#### [PROBLEM STATEMENT]
Look through the entries below and show every line containing the word "Avenue".

(DATA RECORDS begins)

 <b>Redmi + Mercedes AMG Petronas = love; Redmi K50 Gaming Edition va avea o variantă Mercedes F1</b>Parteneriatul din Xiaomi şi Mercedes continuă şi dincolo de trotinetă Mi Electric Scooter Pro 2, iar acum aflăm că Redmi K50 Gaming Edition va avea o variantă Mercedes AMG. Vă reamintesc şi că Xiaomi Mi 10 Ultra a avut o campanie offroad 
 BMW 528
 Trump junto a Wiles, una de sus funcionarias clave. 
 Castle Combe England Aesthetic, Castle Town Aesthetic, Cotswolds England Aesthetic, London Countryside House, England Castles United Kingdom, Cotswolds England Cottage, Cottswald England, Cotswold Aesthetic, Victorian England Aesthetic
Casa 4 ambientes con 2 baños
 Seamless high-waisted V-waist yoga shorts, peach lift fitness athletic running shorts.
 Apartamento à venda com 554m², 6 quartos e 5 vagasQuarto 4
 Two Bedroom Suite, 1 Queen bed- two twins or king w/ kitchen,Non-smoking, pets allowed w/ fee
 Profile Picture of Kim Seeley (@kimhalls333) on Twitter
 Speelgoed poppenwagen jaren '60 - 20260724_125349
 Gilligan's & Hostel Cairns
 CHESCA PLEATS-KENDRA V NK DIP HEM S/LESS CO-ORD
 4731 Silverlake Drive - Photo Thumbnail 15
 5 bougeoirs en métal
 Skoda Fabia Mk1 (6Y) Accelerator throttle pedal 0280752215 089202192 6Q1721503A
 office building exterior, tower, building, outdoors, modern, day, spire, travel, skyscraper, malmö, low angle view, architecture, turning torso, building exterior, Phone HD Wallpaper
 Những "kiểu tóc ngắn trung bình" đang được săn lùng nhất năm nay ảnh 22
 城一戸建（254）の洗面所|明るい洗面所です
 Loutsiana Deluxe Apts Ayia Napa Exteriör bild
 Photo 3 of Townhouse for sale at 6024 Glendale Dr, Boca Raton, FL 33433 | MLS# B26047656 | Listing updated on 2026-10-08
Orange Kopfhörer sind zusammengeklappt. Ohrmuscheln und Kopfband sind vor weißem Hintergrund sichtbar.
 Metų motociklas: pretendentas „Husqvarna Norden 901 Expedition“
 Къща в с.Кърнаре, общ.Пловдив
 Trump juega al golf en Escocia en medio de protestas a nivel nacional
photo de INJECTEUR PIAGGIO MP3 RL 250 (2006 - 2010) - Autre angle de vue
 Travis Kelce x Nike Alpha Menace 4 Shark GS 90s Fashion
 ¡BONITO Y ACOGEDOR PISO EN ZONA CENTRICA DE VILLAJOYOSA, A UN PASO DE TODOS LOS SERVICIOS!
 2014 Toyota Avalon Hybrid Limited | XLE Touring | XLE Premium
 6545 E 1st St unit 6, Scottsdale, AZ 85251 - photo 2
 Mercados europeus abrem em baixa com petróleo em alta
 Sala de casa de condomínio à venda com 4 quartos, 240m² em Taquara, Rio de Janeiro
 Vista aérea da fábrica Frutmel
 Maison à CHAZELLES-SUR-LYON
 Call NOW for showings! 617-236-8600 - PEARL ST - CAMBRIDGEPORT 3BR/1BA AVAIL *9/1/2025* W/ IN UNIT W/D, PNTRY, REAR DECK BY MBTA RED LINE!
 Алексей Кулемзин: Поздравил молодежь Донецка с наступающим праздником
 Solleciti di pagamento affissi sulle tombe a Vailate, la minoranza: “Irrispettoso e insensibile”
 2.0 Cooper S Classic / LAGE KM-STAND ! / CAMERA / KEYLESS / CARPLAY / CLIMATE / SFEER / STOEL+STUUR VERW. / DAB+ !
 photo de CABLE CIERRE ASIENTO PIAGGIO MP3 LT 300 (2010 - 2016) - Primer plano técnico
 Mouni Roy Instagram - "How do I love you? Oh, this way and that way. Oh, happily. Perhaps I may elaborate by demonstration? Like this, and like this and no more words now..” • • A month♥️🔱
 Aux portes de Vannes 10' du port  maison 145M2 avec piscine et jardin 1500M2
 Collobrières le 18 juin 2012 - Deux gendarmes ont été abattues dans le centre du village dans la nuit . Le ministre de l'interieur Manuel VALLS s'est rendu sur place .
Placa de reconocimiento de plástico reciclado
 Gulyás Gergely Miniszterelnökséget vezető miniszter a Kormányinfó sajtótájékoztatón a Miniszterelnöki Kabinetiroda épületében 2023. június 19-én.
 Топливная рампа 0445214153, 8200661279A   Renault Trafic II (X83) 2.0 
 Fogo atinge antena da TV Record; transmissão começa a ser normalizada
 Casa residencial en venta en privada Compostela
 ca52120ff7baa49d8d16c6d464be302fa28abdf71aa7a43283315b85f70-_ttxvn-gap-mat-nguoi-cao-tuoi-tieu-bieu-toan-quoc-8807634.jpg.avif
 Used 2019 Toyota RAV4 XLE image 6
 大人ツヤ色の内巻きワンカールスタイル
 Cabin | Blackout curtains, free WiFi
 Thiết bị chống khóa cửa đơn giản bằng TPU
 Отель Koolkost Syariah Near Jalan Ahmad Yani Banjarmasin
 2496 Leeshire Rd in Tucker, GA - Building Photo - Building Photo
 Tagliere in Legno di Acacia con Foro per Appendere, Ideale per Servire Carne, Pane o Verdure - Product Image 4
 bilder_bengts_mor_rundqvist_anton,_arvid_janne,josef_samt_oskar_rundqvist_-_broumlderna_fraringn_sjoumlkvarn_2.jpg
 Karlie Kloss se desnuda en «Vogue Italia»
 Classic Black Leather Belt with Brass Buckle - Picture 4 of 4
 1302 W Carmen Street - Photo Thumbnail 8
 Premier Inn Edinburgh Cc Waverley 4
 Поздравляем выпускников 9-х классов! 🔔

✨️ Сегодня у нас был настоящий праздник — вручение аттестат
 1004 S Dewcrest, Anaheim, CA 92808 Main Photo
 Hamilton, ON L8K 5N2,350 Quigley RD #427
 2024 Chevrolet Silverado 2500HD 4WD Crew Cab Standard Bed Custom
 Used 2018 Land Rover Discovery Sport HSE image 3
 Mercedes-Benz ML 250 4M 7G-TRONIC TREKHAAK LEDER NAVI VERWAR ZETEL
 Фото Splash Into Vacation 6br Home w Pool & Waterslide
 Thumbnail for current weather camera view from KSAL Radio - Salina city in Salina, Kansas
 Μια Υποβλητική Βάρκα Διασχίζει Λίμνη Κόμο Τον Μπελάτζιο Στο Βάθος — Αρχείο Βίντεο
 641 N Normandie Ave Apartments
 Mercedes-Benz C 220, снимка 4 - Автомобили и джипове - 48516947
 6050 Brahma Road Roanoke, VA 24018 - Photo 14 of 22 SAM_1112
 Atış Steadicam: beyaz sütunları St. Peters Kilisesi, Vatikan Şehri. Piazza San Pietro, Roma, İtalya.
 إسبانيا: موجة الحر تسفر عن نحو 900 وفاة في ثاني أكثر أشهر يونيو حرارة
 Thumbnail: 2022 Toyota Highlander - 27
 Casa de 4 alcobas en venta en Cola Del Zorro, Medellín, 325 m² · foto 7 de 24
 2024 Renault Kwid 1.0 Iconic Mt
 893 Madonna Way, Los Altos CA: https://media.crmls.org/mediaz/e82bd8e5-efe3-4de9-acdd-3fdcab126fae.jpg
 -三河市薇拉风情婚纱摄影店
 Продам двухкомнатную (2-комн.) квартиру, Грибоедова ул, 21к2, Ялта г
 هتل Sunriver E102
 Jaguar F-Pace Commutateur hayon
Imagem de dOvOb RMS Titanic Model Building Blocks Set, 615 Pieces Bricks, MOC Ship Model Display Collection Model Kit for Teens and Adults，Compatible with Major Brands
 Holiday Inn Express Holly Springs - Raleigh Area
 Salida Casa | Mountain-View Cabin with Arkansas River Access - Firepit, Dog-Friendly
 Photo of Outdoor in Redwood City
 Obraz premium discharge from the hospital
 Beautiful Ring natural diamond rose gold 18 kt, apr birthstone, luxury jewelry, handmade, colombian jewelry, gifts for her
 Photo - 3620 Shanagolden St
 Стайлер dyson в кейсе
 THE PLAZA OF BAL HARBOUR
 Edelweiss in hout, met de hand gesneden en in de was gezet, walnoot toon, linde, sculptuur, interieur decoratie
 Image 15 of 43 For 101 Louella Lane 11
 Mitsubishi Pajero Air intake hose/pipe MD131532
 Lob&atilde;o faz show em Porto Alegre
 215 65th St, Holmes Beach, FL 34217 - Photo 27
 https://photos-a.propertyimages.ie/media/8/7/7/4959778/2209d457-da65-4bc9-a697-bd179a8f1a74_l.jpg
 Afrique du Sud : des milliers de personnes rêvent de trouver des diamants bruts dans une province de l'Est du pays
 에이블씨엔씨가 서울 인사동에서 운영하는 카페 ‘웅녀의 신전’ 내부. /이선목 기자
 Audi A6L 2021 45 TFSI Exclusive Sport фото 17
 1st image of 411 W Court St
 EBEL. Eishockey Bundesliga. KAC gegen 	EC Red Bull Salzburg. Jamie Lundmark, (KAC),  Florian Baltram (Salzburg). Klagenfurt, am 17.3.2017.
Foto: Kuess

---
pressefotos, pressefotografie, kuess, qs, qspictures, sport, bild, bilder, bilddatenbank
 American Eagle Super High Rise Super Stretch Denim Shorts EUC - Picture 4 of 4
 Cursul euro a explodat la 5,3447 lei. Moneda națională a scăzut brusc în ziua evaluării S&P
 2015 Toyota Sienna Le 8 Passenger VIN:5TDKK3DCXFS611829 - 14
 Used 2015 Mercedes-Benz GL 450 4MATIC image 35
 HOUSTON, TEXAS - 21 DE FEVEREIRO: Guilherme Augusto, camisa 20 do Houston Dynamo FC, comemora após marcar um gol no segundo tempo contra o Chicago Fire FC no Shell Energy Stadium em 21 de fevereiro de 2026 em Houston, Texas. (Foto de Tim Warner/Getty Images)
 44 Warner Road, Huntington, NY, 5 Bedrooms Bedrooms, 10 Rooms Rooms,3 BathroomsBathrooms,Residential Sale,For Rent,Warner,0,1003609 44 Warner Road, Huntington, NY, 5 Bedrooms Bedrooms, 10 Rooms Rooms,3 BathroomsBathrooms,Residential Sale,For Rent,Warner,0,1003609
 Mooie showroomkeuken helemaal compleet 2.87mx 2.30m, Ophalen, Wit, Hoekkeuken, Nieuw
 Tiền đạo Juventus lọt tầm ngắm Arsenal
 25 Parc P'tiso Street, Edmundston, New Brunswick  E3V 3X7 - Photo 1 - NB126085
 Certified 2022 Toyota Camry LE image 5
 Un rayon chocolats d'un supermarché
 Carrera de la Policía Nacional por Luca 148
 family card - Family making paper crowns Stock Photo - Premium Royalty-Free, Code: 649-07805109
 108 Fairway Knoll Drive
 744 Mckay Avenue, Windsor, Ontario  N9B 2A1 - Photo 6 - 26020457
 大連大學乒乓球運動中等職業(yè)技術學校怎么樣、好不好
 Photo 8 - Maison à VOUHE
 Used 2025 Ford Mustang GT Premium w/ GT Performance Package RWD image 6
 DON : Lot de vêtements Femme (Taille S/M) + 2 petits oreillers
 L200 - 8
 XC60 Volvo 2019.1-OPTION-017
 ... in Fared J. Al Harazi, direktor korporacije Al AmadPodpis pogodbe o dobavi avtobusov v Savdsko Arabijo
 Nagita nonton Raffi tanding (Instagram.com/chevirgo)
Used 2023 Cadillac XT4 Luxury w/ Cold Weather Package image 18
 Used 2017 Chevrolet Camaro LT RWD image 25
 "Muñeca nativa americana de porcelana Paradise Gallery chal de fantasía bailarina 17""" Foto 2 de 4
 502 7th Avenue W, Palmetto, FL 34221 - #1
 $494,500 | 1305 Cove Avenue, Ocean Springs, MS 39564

(DATA RECORDS ends)

#### [SOLUTION FOR THIS EXERCISE]
 744 Mckay Avenue, Windsor, Ontario  N9B 2A1 - Photo 6 - 26020457
 502 7th Avenue W, Palmetto, FL 34221 - #1
 $494,500 | 1305 Cove Avenue, Ocean Springs, MS 39564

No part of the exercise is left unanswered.